-------- DATA TO PROCESS

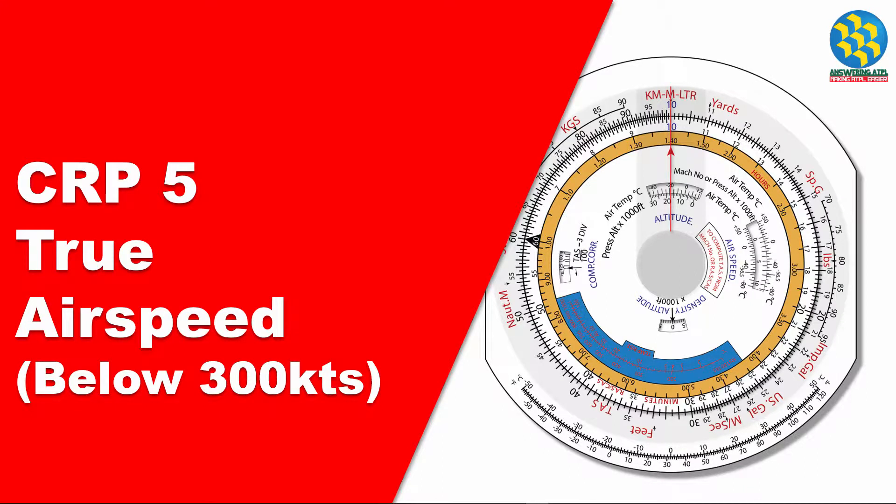This video explains how to use CRP-5 to calculate true airspeed below 300 knots, and we are starting right now.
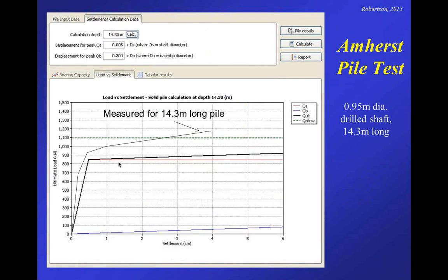Here's the predicted load settlement from that very simple approach compared to the measured one. The measured one shows about 1,200 kilonewtons at around four centimeters of deformation. The blue line shows the buildup of base resistance — it's a normally consolidated clay, so very small. The red line shows the shaft resistance coming on very quickly. The input parameters were basically 5% displacement for the shaft and 20% for the base. The black line adding the two together gives a simplistic bilinear load settlement predicted response. It compares not too badly with the measured one, given how simplistic the approach was.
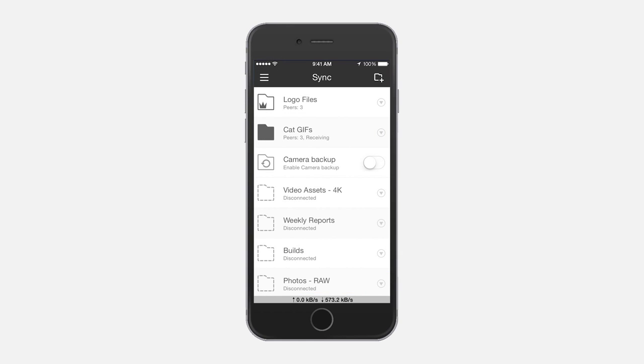As the owner of a folder, you can also add files directly from your mobile and have them synced across linked devices. You can also share folders with others via the app.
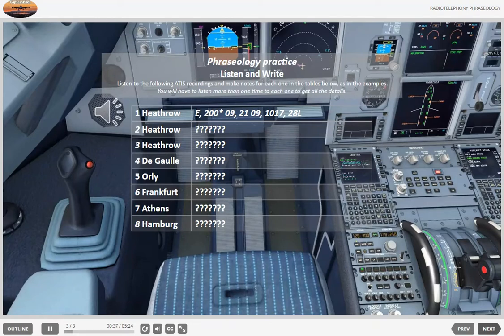2. This is Heathrow departure information, 1645 hours. Weather: 200 degrees, 11 knots. Temperature 24, QNH 1011 millibars. Departure runway 28 left.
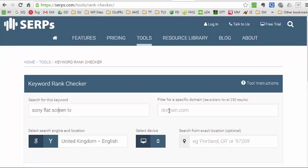You can specify a particular domain, so if you're not ranking in the top 250 results and you want to know where you do rank, you could put your domain in there and it will find where you rank and give you various details. But if you want to find who is ranking, then you do that.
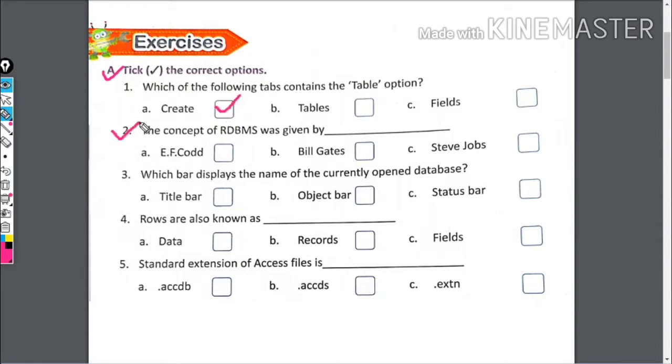The concept of RDBMS was given by whom? E.F. Codd, Bill Gates, or Steve Jobs? The right answer is E.F. Codd.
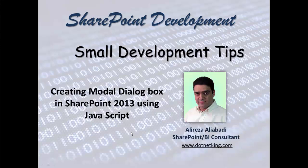Hello. In this video we would like to see how we can create a modal dialog box in SharePoint 2013 using JavaScript.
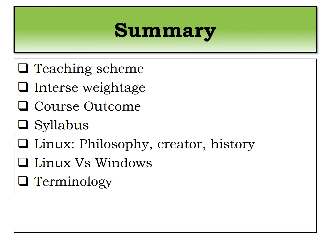We have seen various terminology of the Linux operating system which is kernel, bootloader, desktop environment, shell, and the most important is the command line.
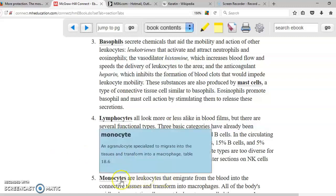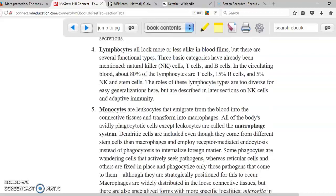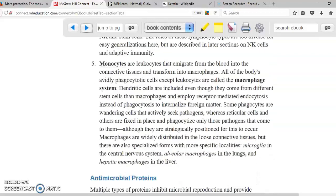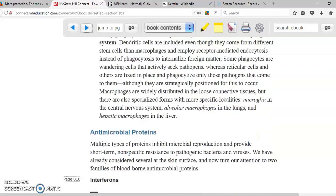Monocytes are found in the blood, but when they leave the blood they turn into macrophages. They travel to the area of infection where they phagocytize and destroy many things with the purpose of cleaning — including neutrophils and cellular debris — leaving the area prepared for repair.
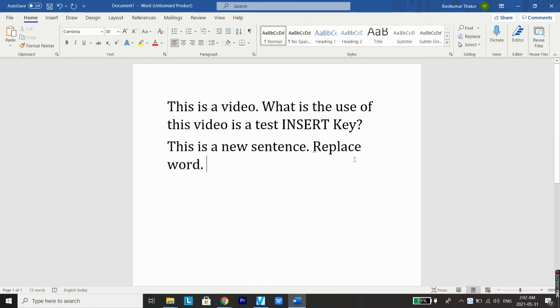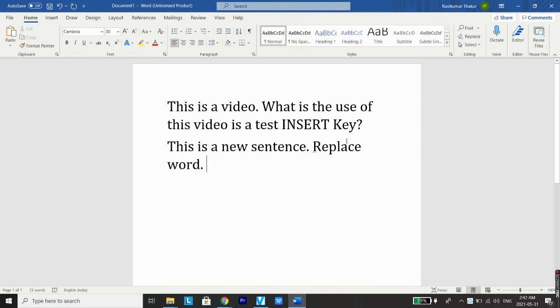You can see all the characters are again replaced by the new characters which I typed. So I hope guys now you know what is the use of INSERT key. When you tap on INSERT key all the characters will be replaced by new characters which you type, and when you tap it again before typing this feature will be disabled.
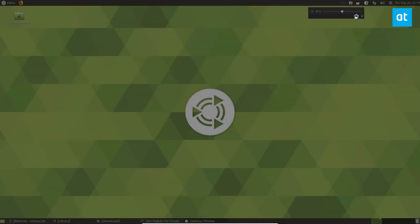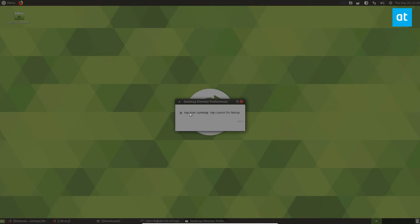If you want to get it to start automatically, you click on the gear icon and click app launched on startup. I actually don't want that because it's a VM I use for testing purposes, but that is how you get Desktop Dimmer working on Linux.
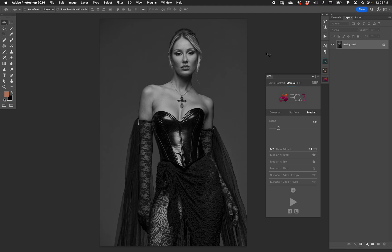I'm going to show you the advanced preferences in FC3, how to access them, and some ideas on how you can work with them. Anywhere in manual mode — Gaussian, surface, or median — if you right-click any one of these blurring operator names, we'll do median first.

----------------

• WHAT YOU NEED TO DO
Take the lines from the one that contains "We have seen" down to the last line of the listing above, both included, and set them down exactly, leaving out pictures.

• ANSWER TO THIS EXERCISE
We have seen various terminology of the Linux operating system which is kernel, bootloader, desktop environment, shell, and the most important is the command line.
Monocytes are found in the blood, but when they leave the blood they turn into macrophages. They travel to the area of infection where they phagocytize and destroy many things with the purpose of cleaning — including neutrophils and cellular debris — leaving the area prepared for repair.
You can see all the characters are again replaced by the new characters which I typed. So I hope guys now you know what is the use of INSERT key. When you tap on INSERT key all the characters will be replaced by new characters which you type, and when you tap it again before typing this feature will be disabled.
If you want to get it to start automatically, you click on the gear icon and click app launched on startup. I actually don't want that because it's a VM I use for testing purposes, but that is how you get Desktop Dimmer working on Linux.
I'm going to show you the advanced preferences in FC3, how to access them, and some ideas on how you can work with them. Anywhere in manual mode — Gaussian, surface, or median — if you right-click any one of these blurring operator names, we'll do median first.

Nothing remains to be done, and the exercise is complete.